Aan de orde was concreet de vraag of art 7:673 lid 7 aanhef en onder b BW verboden discriminatie oplevert in de zin van Richtlijn 2000/78/EG tot instelling van een algemeen kader voor gelijke behandeling in Arbeid en Beroep.
Vaststaat dat artikel 7:763 lid 7 een direct op leeftijd gegrond verschil in behandeling meebrengt en derhalve sprake is van directe discriminatie, zoals bedoeld in de richtlijn.
Uitzonderingen op verbod directe discriminatie op grond van leeftijd
De richtlijn kent echter uitzonderingsgronden. Discriminatie op grond van leeftijd is niet verboden indien zij een hoger doel dient. Sprake moet dan zijn van in het kader van de nationale wetgeving objectieve en redelijke rechtvaardiging door een legitiem doel, waarbij de middelen passend en noodzakelijk zijn. Lidstaten hebben daarbij een ruime beoordelingsvrijheid.
Doel transitievergoeding
De transitievergoeding is bedoeld om in levensonderhoud te voorzien in de transitie naar een andere baan. Het compenseert voor de gevolgen van het ontslag vanuit het perspectief dat werknemer in de toekomst nog arbeid dient te verrichten. De transitievergoeding kan worden gezien als een invulling van de zorgplicht van de werkgever. Die zorgplicht strekt zich niet uit tot werknemers die voor inkomen niet langer zijn aangewezen op arbeid.

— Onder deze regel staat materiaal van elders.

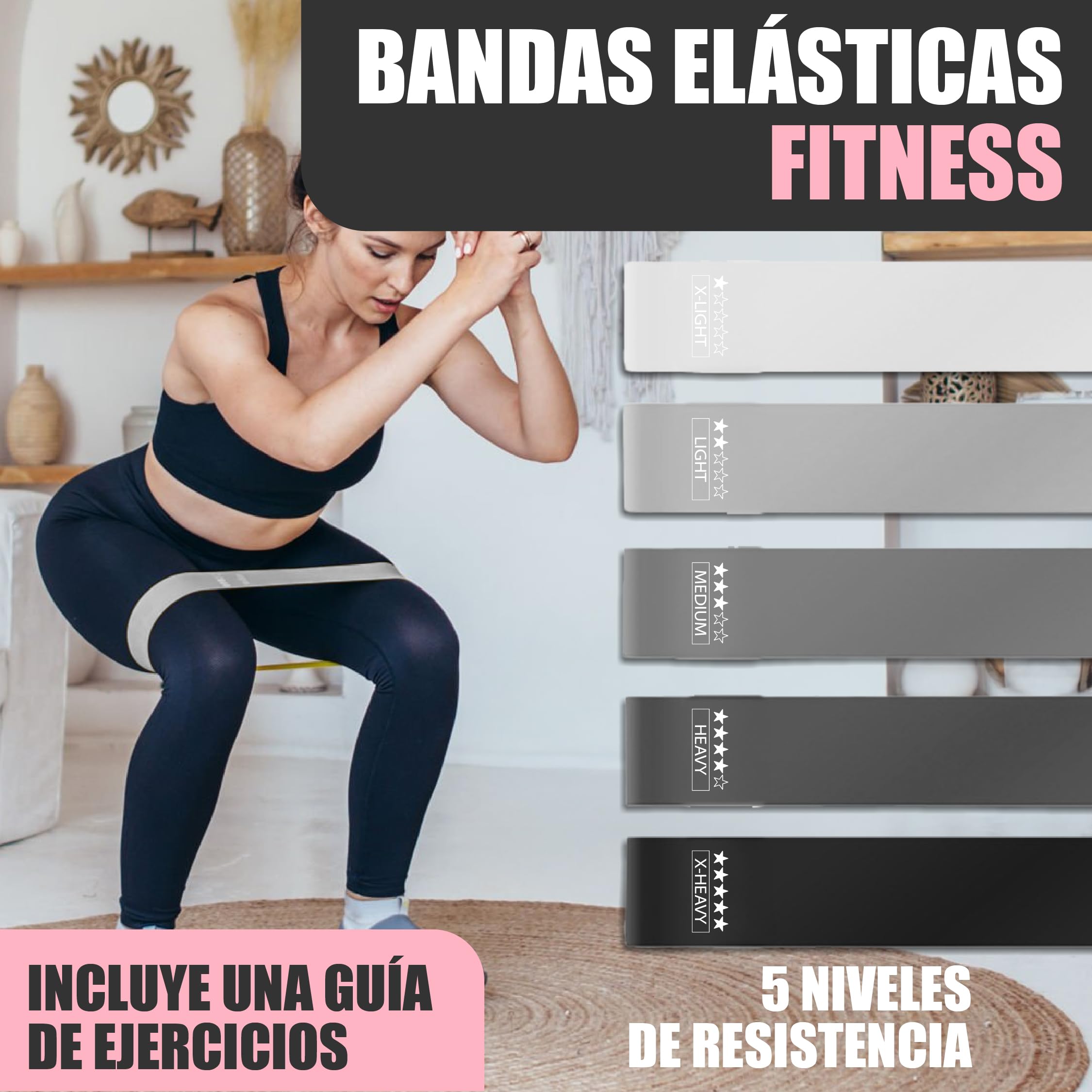 Kit Pilates a Casa: con cerchio, palla e fasce elastiche - Set completo di esercizi per fitness, yoga e muscolo - Accessori Pilates multifunzione colore grigio premium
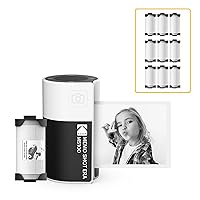 KODAK Memo Shot ERA Kids Instant Digital Camera and Photo Label Printer (White, Camera + 10 Rolls)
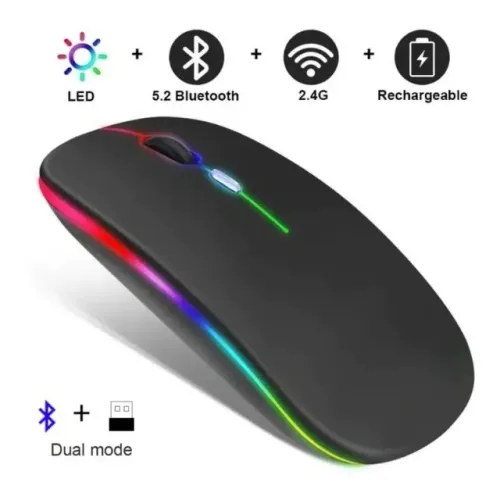 Mouse Sem Fio Home Office Wireless 2,4GHz Recarregável Ergonômico Led Rgb Bluetooth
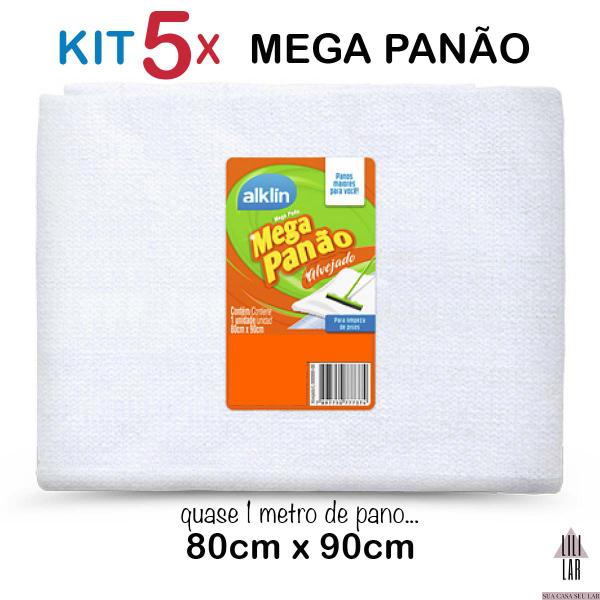 Imagem de Kit 5 Mega Panão Esfregão Alvejado Pano de Chão Absorvente 80x90cm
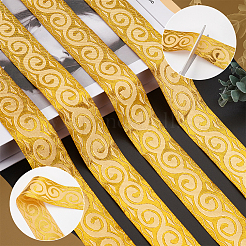7 m lange Polyester-Jacquard-Blumenbänder&nbsp;SRIB-WH0011-140B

Rechtvaardiging uitsluiting recht op transitievergoeding
De uitsluiting van de transitievergoeding voor AOW-ers voorkomt dat vergoeding toekomt aan personen waarvoor de vergoeding niet is bedoeld. Het is volgens de Hoge Raad passend en noodzakelijk voor het nagestreefde doel. De uitsluiting gaat ook niet verder dan strikt noodzakelijk. Het betreft een bewuste keuze van de wetgever en maakt onderdeel uit het stelsel van het nieuwe ontslagrecht als geheel, waarbij onderscheidenlijke belangen zijn afgewogen.
In het arrest gaat de Hoge Raad nog in op de situatie dat niet iedereen een volledige AOW-uitkering heeft opgebouwd. Tussen de opbouw van AOW en het verrichten van arbeid bestaat echter geen verband. Bovendien geldt voor deze groep andere inkomensvoorzieningen. Omdat de wetgever beoordelingsvrijheid heeft en de belangen heeft afgewogen worden de belangen van werknemers die de AOW-leeftijd hebben bereikt niet buitensporig aangetast door hen uit te sluiten van het recht op een transitievergoeding.
Praktische uitvoerbaarheid is een erkend belang
De Hoge Raad wijdt tot slot nog een overweging aan de praktische uitvoerbaarheid van het ontslagrecht. Het toch toekennen van het recht op een transitievergoeding indien geen volledige recht bestaat op AOW (en men toch is aangewezen op werk voor inkomen) past niet daarbinnen. Praktische uitvoerbaarheid is een door het HvJEU gewezen rechtspraak erkend belang.
Kortom, AOW-gerechtigden hebben geen recht op transitievergoeding.